How Can Machine Learning Improve Data Quality and Data Integrity to produce Better Analytics

According to Yahoo the global data & business analytics market size was $198.08 Billion in 2020 and is projected to reach  $684.12 Billion by 2030. However, Gartner’s Data Quality Market Survey estimates that the financial impact caused by data quality issues resulted in organizations losing approximately $15 million. The reason is that monitoring data quality and ensuring data integrity is difficult. However, the good news is that when data integrity is high, Facebook can predict which posts will be most interesting to you, Uber can predict pick up and drop off locations, and law enforcement can better direct resources to prevent crimes.
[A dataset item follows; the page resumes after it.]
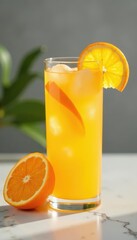 Fototapeta premium Iced orange juice with orange slices in tall glass on marble , still life, food photography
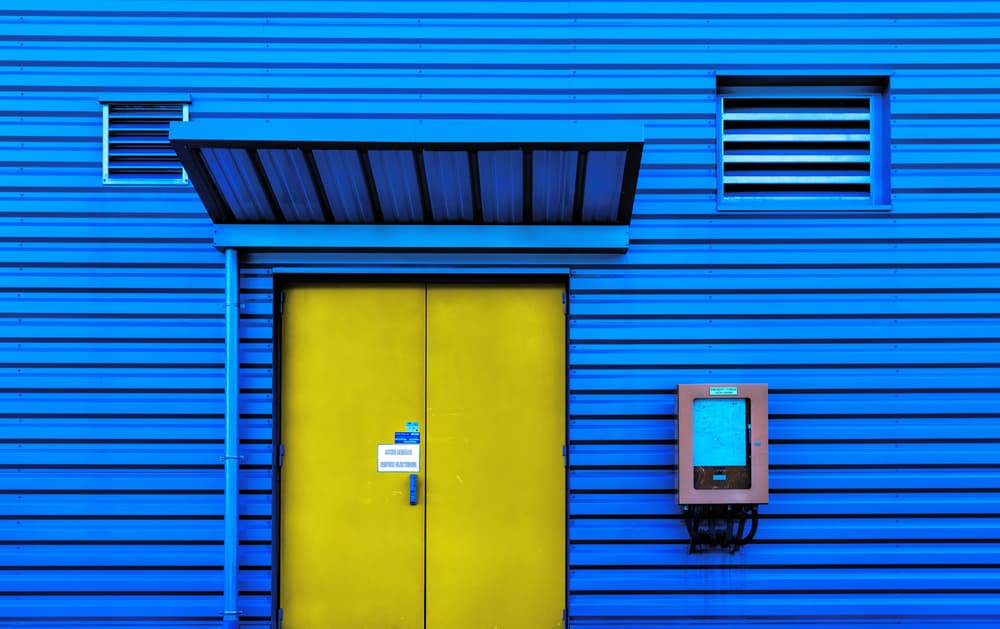 Blue Wall Yellow Door by Jois Domont ( J.L.G.) — canvas wall art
This white paper discusses how The Brite Group has successfully developed machine learning algorithms to streamline data clean-up, improve data integrity, which results in more effective use of Data.
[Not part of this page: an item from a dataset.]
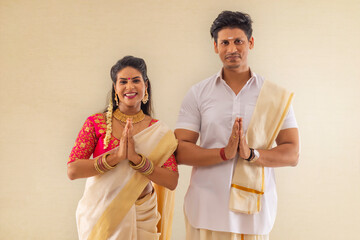 Wall Mural - South Indian couple in traditional clothing greeting on the occasion of Onam against white background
Correcting and using large sets of data have plagued scientists for decades. In the 16th century, when the legendary astronomer Tycho Brahe began painstakingly recording and tracking the positions of numerous celestial objects, data collection had challenges. The types of errors introduced into these astronomical records—perhaps an early version of a Data Warehouse—affected the accuracy of future predictions. Centuries later, data and analytics teams continue to work on the same issue: identifying anomalies in data that affect the overall integrity and reduce the accuracy of the raw data and subsequent analyses and predictions.

Keeping data in good shape is increasingly problematic as companies automate their data collection workflows and combine data from a myriad sources. Traditionally, good data management required a host of quality assurance rules, processes, and people to monitor for—and mitigate the introduction of—questionable data into an organization’s ecosystem. Today, however, quality assurance rules and procedures are not be consistently followed and lack good implementation because there is a more pressing need to incorporate more data faster to take advantage of the Data.

One method to streamline data cleansing we have developed incorporates Machine Learning strategies that adapt to changing data and scale to accommodate large datasets. Much like human cognitive thought process, Machine Learning can also learn as it gains experience by being exposed to more data. Machine Learning has been around for decades but has become more important in the last decade after success with Facebook’s facial recognition program, Netflix’s movie recommendations, and Google’s speech.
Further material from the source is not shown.